*Work order*.
When copying the data below, keep only the lines from the one with "Large Wooden Indian" through the one with "Floral Drawstring Silk Trousers - 4", word for word, and skip the pictures.

- Opening Delimiter -

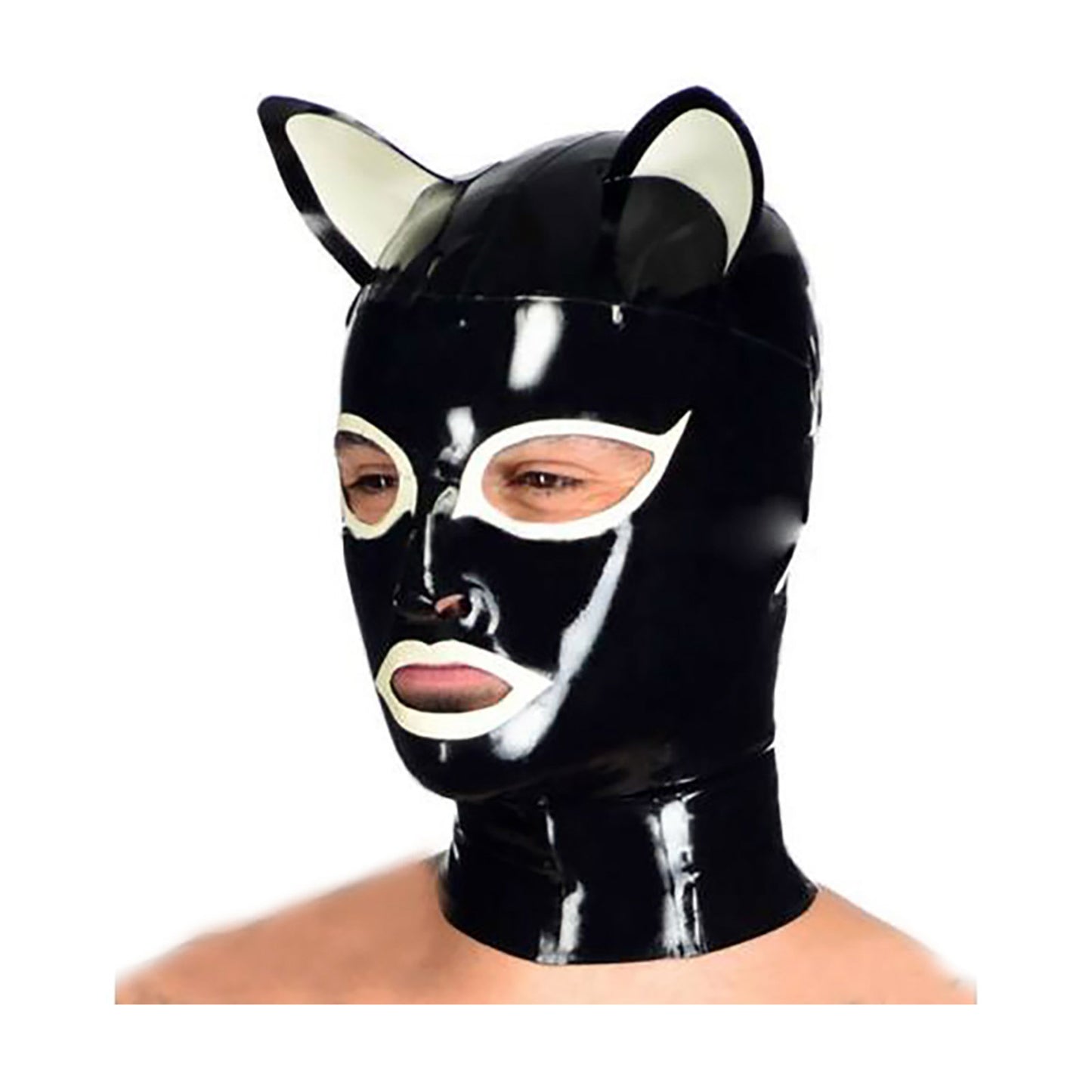 MONNIK Latex Mask Fashion Fetish Hood with White Cat Ears and Rear Zipper for Party Cosplay Halloween Catsuit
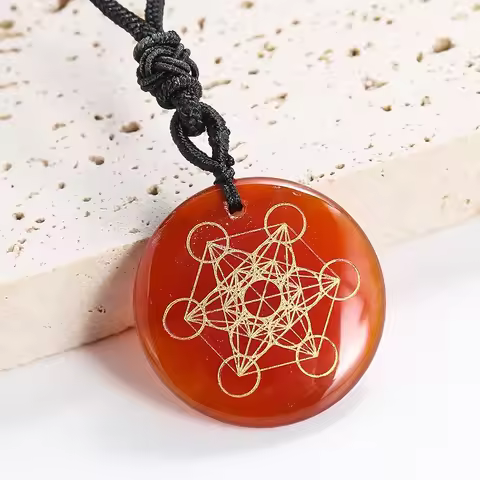 Orgonite Pendant Necklaces Metatron Cube Sacred Geometry Yoga Energy Reiki Red Agate Choker Necklace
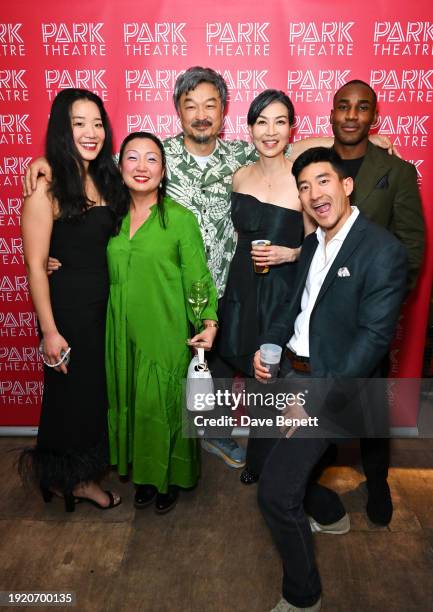 Jennifer Kim, Esther Jun, Ins Choi, Namju Go, Brian Law and Miles Mitchell attend the press night performance of "Kim's Convenience" at Park Theatre...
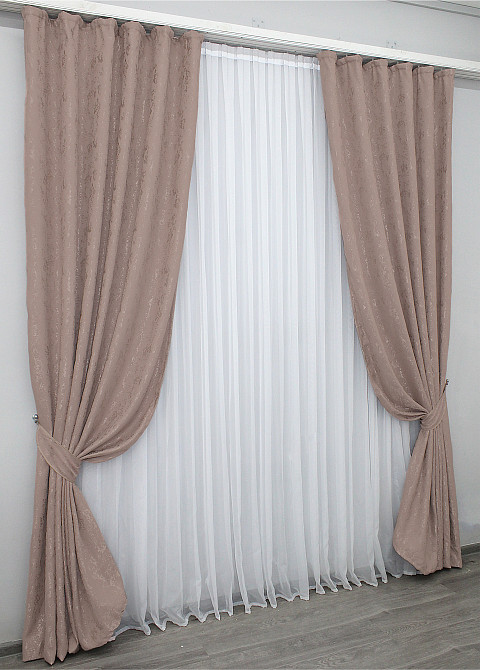 Комплект готовых штор VR-Textil Лен мрамор Pavliani № 1174ш Пудровый 100х270 см 2 шт (31-607) Киев - изображение 3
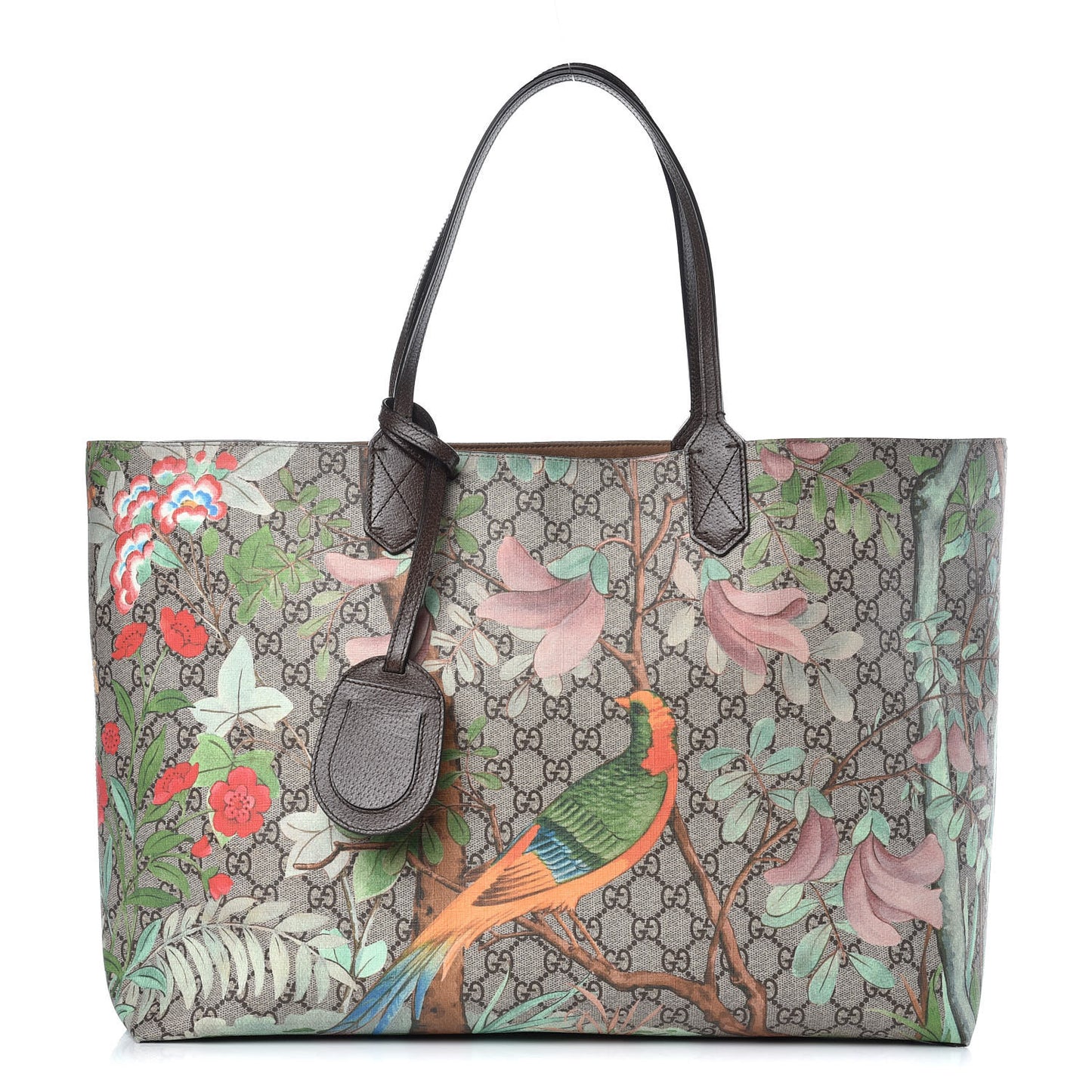 GG Supreme Monogram Tian Large Shopping Tote Beige Multicolor New Acero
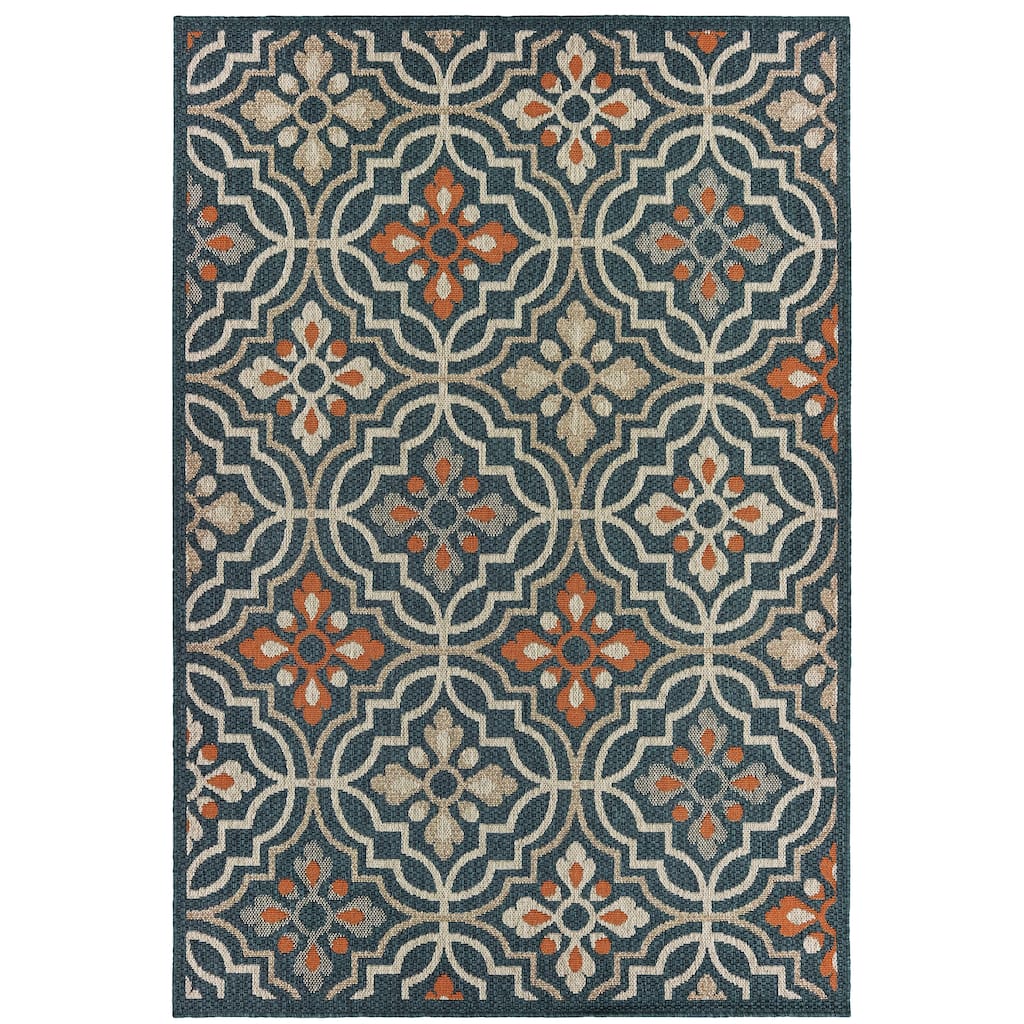 Lancaster Blue Orange Floral Outdoor Casual Area Rug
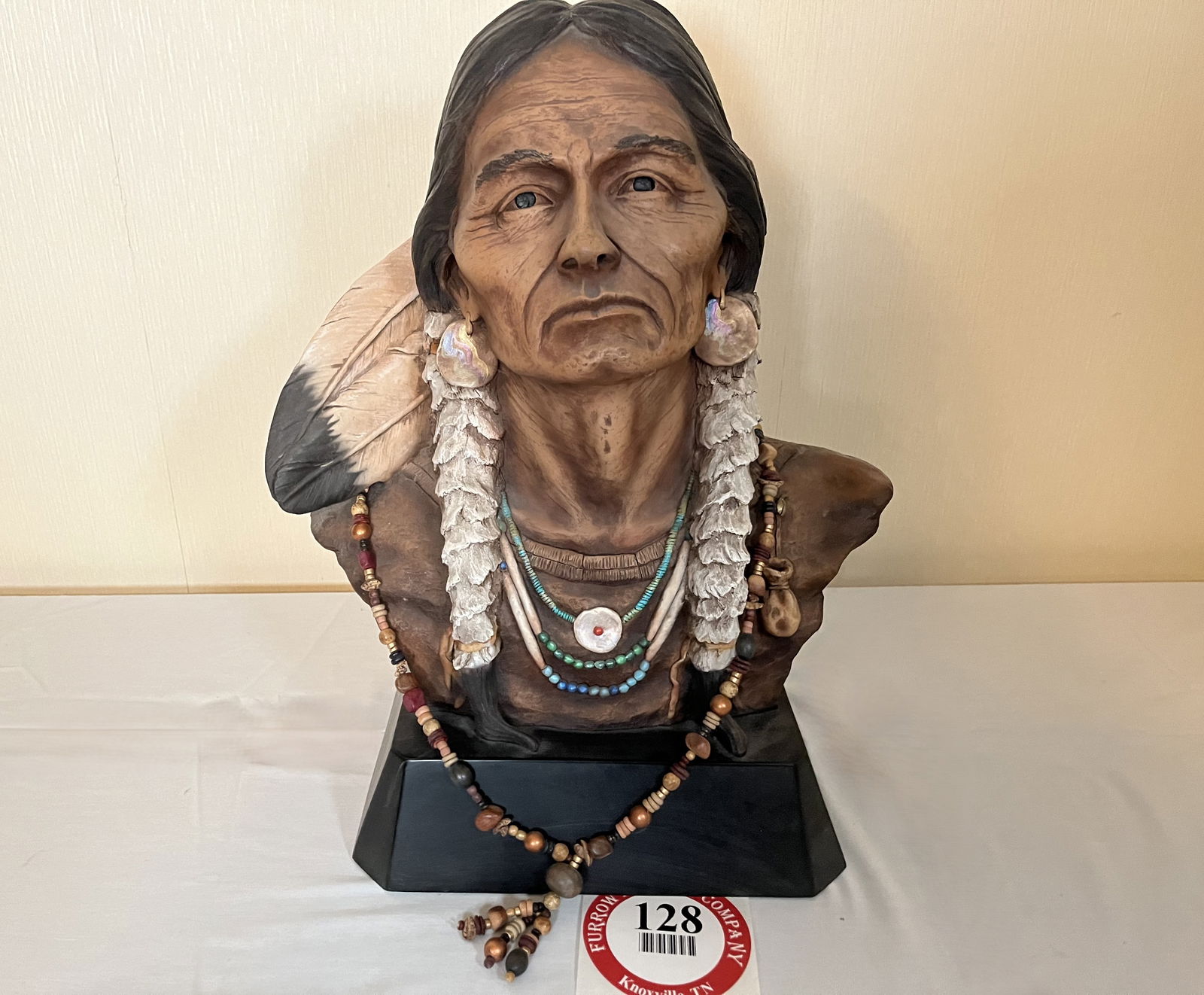 Large Wooden Indian Head Bust on Wooden Stand by Neil J. Rose, "He Of The Earth", #35 of 750 (1 of 3)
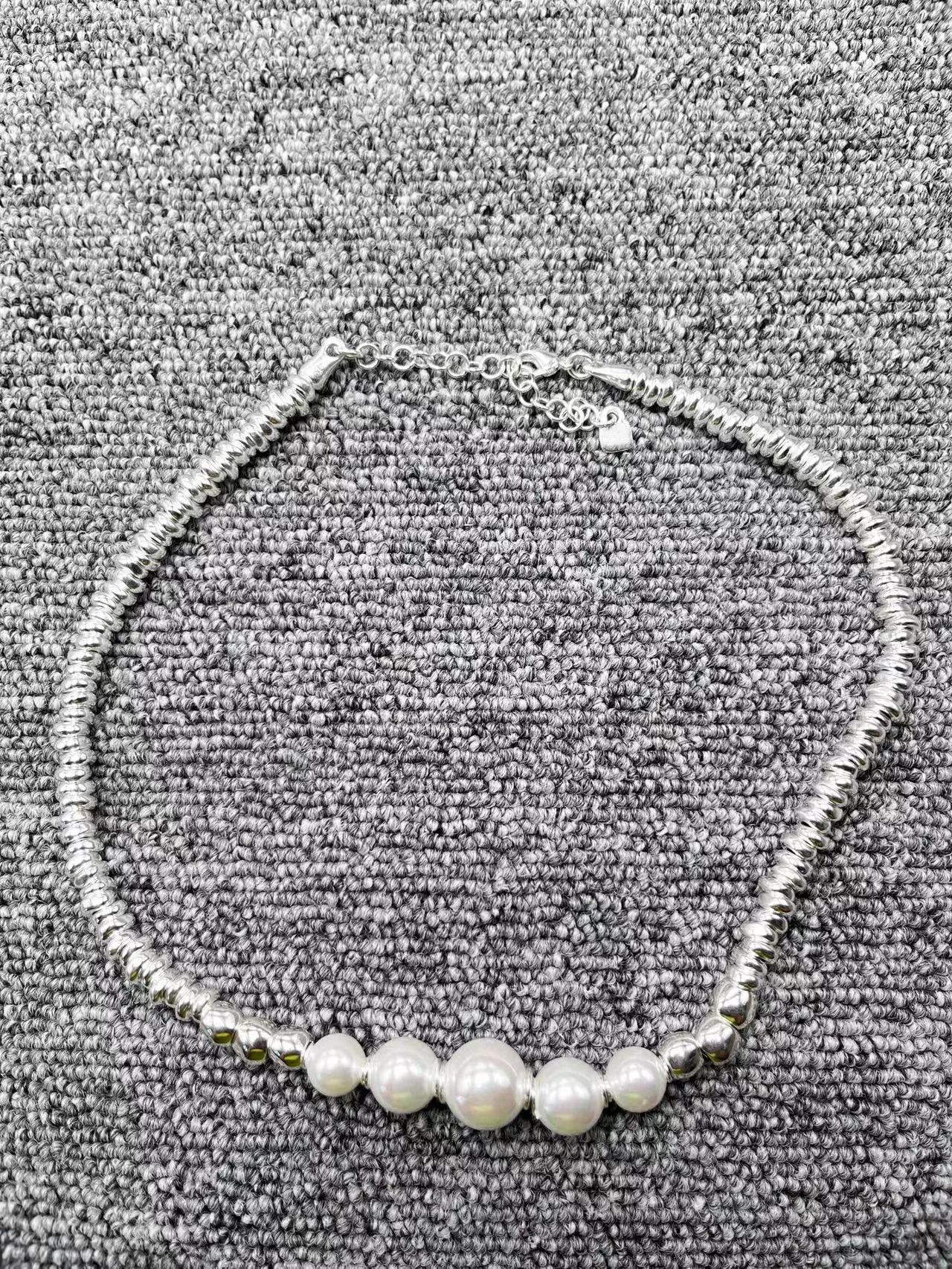 

2022 Новое модное ожерелье из серебра 925 пробы с жемчужными бусинами женский праздничный подарок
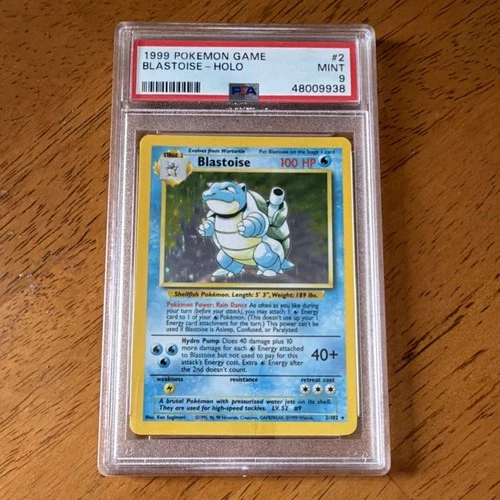 Pokémon Blastoise Base Set 1999 Holo Rare 2/102 PSA 9 English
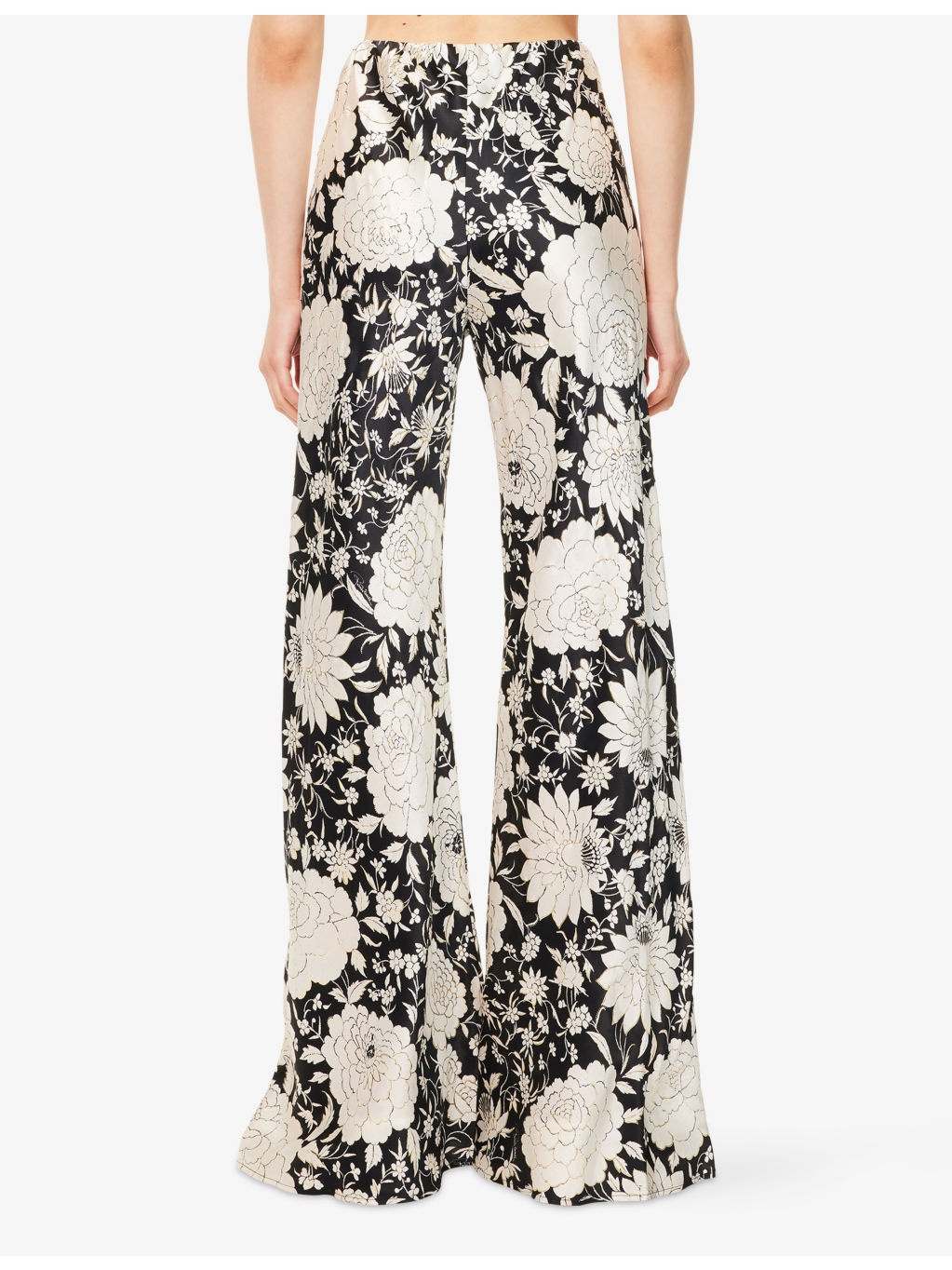 Floral Drawstring Silk Trousers - 4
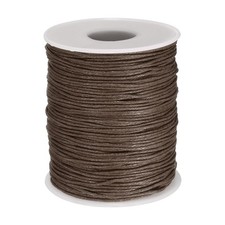 HARFINGTON Waxed Cotton Cord 1mm 100 Yards Brown Wax String Beading 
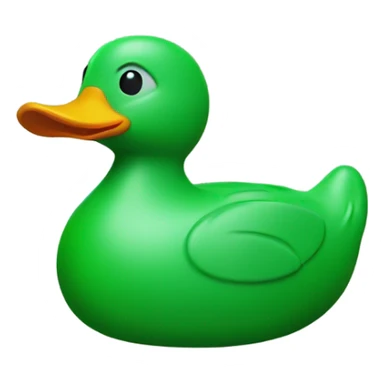 green plastic duck sticker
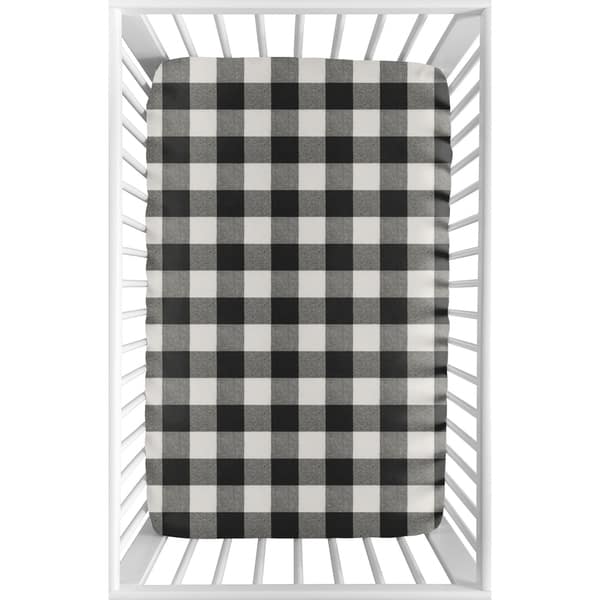 slide 2 of 3, Sweet Jojo Designs Black Rustic Woodland Flannel Fitted Mini Portable Crib Sheet Buffalo Plaid Check (Not for Standard Crib)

- Closing Delimiter -

*Result of the task*.
 Large Wooden Indian Head Bust on Wooden Stand by Neil J. Rose, "He Of The Earth", #35 of 750 (1 of 3)

2022 Новое модное ожерелье из серебра 925 пробы с жемчужными бусинами женский праздничный подарок
 Pokémon Blastoise Base Set 1999 Holo Rare 2/102 PSA 9 English
 Floral Drawstring Silk Trousers - 4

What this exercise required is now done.